Universities have been warned to clamp down on students who cheat because of fears that they are devaluing the status of British degrees.

Guidelines sent to all universities warn that plagiarism is likely to rise given the amount of easily accessed work on the internet and growing external pressure from the need to work part-time while studying.

"There is evidence to support widely expressed concerns that student plagiarism in the UK is common and is probably becoming more so," concluded the report by Jisc, the Joint Information Systems Committee, which advises higher education on technology.

It warned that a minority of students deliberately set out to cheat but said that there was no way of measuring the problem. "We can only guess as to the frequency of behaviours such as paying ghost writers, wholesale downloading of coursework, or copying from other students", said the report, Deterring, Detecting and Dealing with Student Plagiarism.

"A decision to plagiarise may be associated with increasing pressures on students arising from, for example, undertaking paid work, heavier coursework load, or lack of personal organisation skills," the report said.

"When stresses rise, students see plagiarism as a reasonable and reasonably risk-free way out of difficulties."

The report cites research from 2002 which used anti-cheating software to analyse 1,770 pieces of students' work from five Australian universities.
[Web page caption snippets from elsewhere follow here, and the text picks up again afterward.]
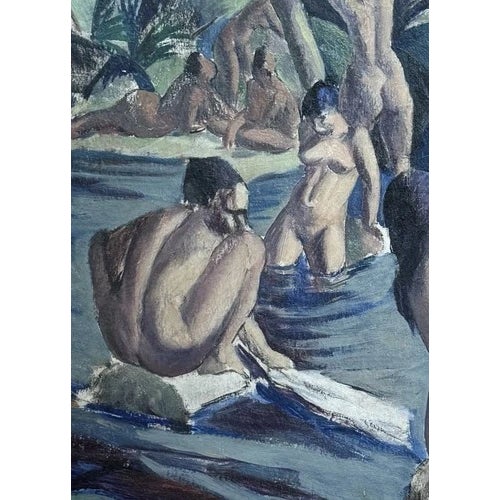 Antique 1925 Clement Haupers Oil on Board Art Deco Bathers Framed & With Labels For Sale In Minneapolis - Image 6 of 10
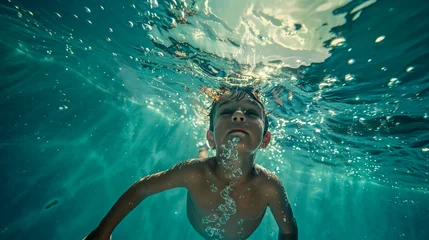 Poster Imagen subacuática de niño aprendiendo a nadar en una piscina © LuisMiguel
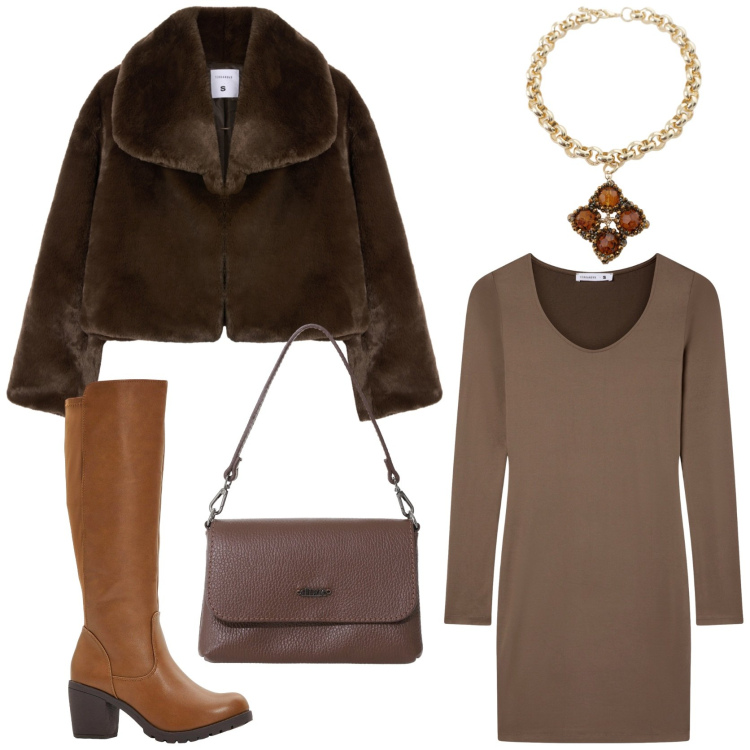 Outfit donna - Choco fan. Stile Chic per Serata fuori. Abbinamento con stivali, vestiti corti, ecopellicce, borse a tracolla, collane.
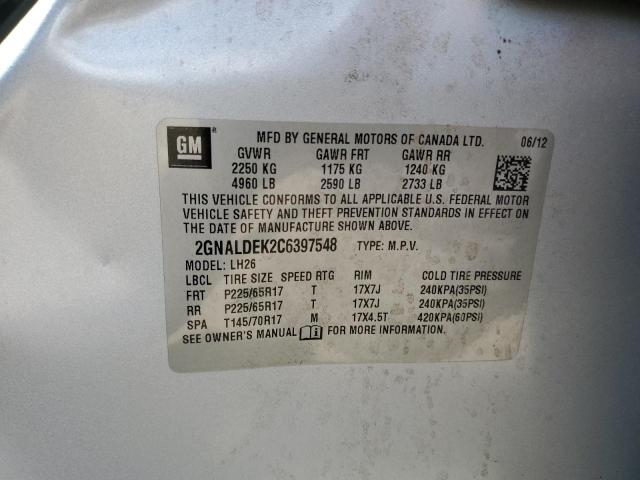 Photo 12 VIN: 2GNALDEK2C6397548 - CHEVROLET EQUINOX LT 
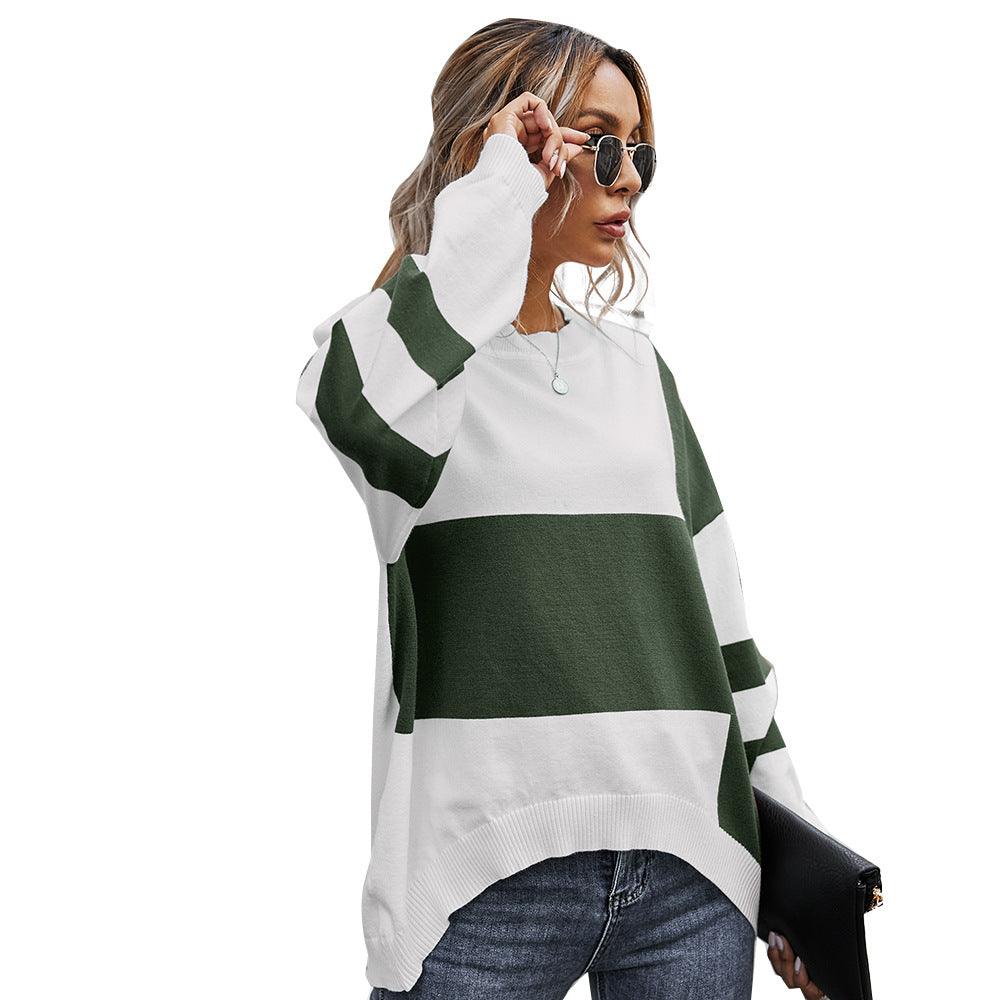 Fashion contrast stitching sweater - AmiraMart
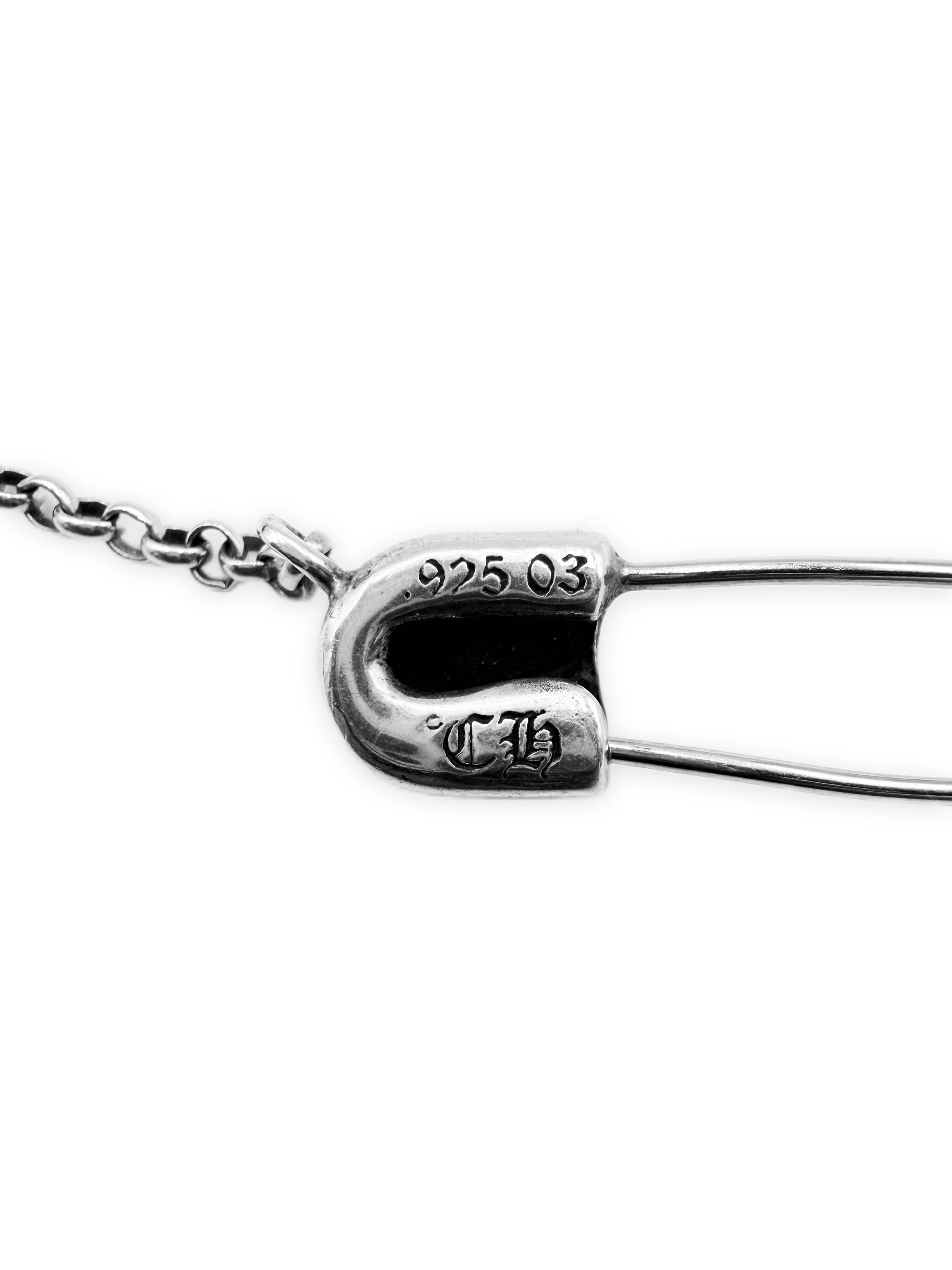 Chrome Hearts Safety Pin Plus Roll Chain .925 Silver Necklace
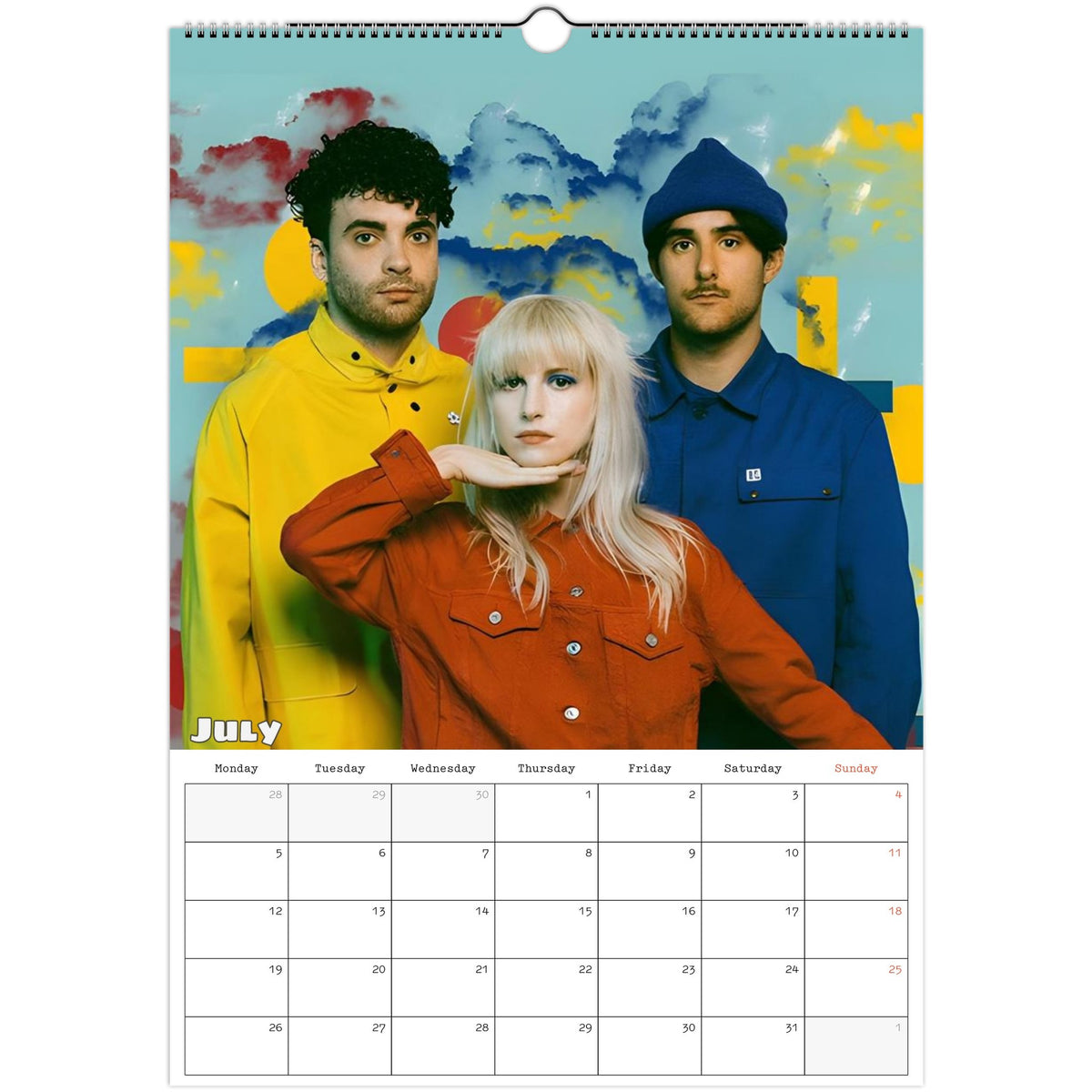 Paramore Calendar 2027 July photo
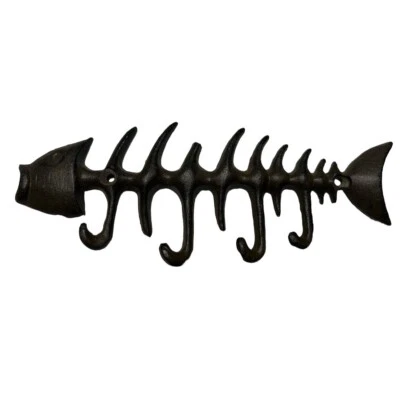 Rustic Coastal Fishing Cast Iron Fish Bone Wall Hook - Image 1 of 4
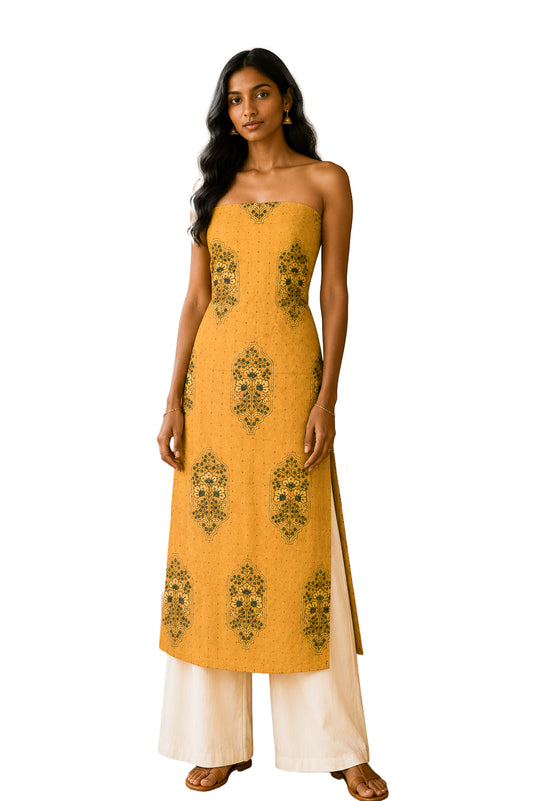 Ajrakh Cotton Natural Dye Hakoba Design Hand Block Print Unstitched Kurta Fabric  Mtr Length  1.25 Mtr  Length  -  SKU : MK12904F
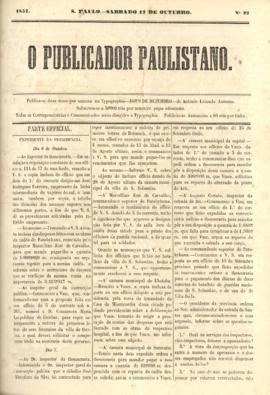 O Publicador paulistano [jornal], n. 22. São Paulo-SP, 17 out. 1857.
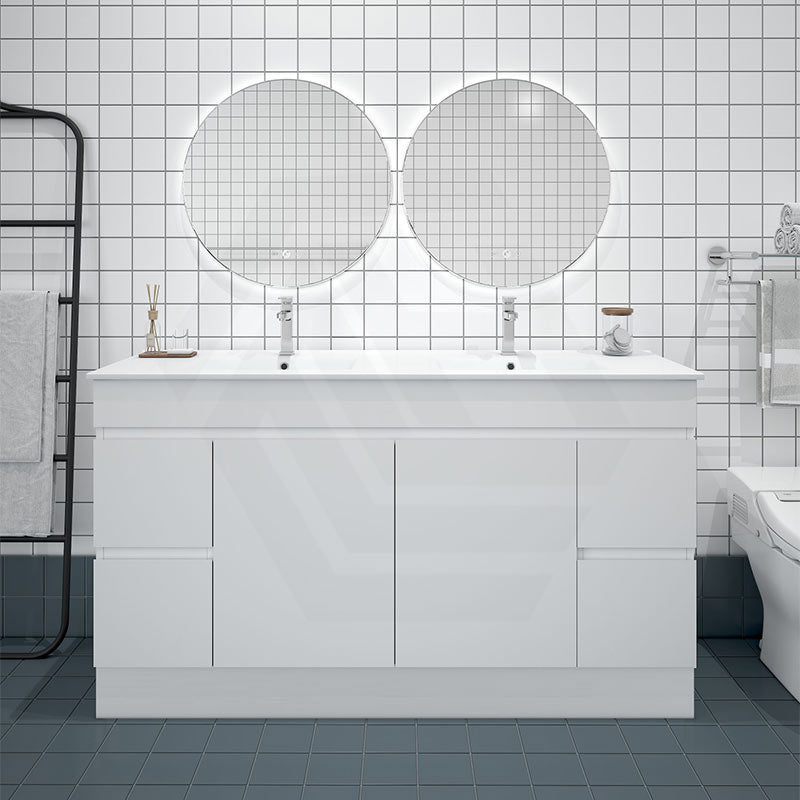 Macho 1500mm Premium MDF Gloss White Freestanding Bathroom Vanity Single/Double Bowls Available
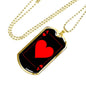 Ace Of Hearts Dog Tag Stainless Steel or 18k Gold 24" Chain-Express Your Love Gifts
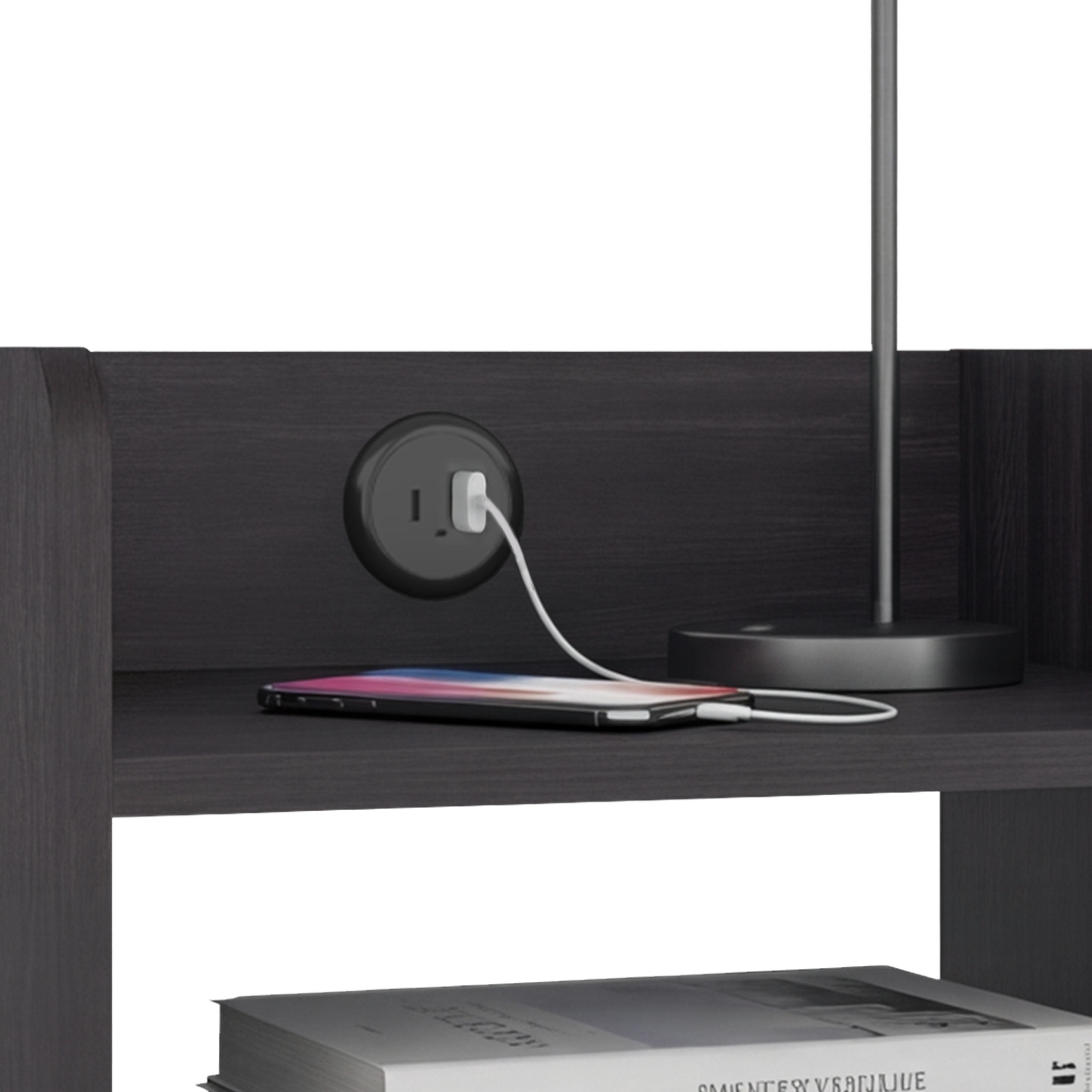 Nightstand with USB Port, 2 Shelves - Black Wengue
It found that 8.8 per cent contained more than 25 per cent of unattributed material from the internet. Two pieces of work were found to comprise more than 75 per cent of downloaded material.

The Plagiarism Advisory Service (PAS), based at Northumbria University, has estimated that a quarter of university students have cheated by lifting material from the internet.

Most plagiarism was "accidental" and occurred because students misunderstood or misused academic conventions, the Jisc report said. However, deliberate cheats caused the most concern because they threatened to devalue the British university system.

"Students who deliberately cheat or engage in fraudulent behaviour are characterised as threatening the values and beliefs that underpin academic work, angering and discouraging other students who do not use such tactics, devaluing the integrity of UK awards and qualifications, and distorting the efforts of lecturers who wish to teach rather than police others' actions," it said.

The report calls on universities to nominate members of staff to deal with cases of plagiarism. But it recommends employing a carrot, rather than stick, approach: "Catch-and- punish approaches are self- defeating in that they absorb huge amounts of staff time, do not lessen the overall incidence of plagiarism and deflect students from a focus on learning to one devoted to not breaking rules or not getting caught."

Last month, a leading vice-chancellor warned that plagiarism was increasing partly because universities had failed to equip students with a basic sense of morality.

Steven Schwartz, vice- chancellor of Brunel University, who chaired the Government's working party on university admissions, said: "Plagiarism, incivility, rudeness and reneging on legitimate debts - all of these are depressingly common among university students," he said.

"I believe that it is time for universities once again to articulate a moral vision of what they are trying to achieve, and live up to it."